Exercise requirements: Look through the entries below and show every line containing the word "Ford".

-- Supplied records follows --

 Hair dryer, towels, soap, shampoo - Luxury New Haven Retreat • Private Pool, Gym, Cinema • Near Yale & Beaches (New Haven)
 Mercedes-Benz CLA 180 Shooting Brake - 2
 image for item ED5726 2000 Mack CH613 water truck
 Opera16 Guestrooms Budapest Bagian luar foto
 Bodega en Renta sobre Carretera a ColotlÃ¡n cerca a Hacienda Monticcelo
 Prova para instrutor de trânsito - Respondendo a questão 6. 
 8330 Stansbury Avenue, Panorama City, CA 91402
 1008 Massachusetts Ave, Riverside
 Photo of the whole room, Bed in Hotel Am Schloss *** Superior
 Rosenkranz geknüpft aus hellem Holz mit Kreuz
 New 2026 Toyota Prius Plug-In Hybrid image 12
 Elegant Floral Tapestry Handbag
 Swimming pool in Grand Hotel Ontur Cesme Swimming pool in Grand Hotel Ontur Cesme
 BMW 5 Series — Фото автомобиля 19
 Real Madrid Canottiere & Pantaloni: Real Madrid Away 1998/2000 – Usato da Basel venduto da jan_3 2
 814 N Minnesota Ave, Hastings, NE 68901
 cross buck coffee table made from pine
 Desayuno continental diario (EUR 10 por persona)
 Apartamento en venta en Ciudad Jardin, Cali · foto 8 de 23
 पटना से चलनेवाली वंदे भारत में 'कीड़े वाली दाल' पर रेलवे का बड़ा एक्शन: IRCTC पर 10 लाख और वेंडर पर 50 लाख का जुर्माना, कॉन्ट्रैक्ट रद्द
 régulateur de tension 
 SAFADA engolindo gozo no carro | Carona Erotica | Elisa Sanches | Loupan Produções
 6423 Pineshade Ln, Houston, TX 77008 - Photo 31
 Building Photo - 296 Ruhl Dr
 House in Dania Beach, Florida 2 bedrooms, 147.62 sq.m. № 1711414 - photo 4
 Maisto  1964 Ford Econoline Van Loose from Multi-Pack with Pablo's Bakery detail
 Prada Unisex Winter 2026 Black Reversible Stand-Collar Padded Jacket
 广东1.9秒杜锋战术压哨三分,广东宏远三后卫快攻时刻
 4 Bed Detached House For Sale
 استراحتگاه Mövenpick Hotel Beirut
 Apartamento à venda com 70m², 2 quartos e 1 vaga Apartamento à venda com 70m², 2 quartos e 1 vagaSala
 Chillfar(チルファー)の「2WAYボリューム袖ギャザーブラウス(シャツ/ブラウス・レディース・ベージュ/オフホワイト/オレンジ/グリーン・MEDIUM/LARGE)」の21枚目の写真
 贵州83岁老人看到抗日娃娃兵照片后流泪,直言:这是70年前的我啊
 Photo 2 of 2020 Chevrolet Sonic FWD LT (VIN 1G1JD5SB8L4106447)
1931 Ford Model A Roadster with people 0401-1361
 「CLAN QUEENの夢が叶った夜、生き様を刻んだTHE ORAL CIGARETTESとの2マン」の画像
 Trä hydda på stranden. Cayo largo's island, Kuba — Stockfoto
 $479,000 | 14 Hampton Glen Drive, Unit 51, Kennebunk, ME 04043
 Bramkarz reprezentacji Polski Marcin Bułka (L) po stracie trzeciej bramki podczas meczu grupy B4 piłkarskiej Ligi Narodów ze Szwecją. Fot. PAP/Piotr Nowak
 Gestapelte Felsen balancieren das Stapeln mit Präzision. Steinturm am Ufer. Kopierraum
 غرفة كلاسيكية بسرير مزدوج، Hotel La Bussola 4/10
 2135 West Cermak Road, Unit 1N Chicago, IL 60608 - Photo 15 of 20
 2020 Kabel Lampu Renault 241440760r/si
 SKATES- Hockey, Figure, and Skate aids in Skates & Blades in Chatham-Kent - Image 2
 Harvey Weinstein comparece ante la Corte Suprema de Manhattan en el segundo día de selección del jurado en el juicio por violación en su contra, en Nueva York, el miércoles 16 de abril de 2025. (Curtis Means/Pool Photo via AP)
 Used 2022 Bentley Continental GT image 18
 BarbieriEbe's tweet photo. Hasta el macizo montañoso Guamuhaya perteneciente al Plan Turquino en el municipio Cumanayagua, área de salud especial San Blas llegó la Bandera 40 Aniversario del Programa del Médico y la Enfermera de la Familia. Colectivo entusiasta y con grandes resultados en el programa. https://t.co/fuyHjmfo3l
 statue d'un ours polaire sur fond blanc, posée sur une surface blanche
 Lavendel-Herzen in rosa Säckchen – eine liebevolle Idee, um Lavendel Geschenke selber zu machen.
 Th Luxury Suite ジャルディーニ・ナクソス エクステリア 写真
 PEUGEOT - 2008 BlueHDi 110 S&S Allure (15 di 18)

-- Supplied records concluded --

Exercise response:
 Maisto  1964 Ford Econoline Van Loose from Multi-Pack with Pablo's Bakery detail
1931 Ford Model A Roadster with people 0401-1361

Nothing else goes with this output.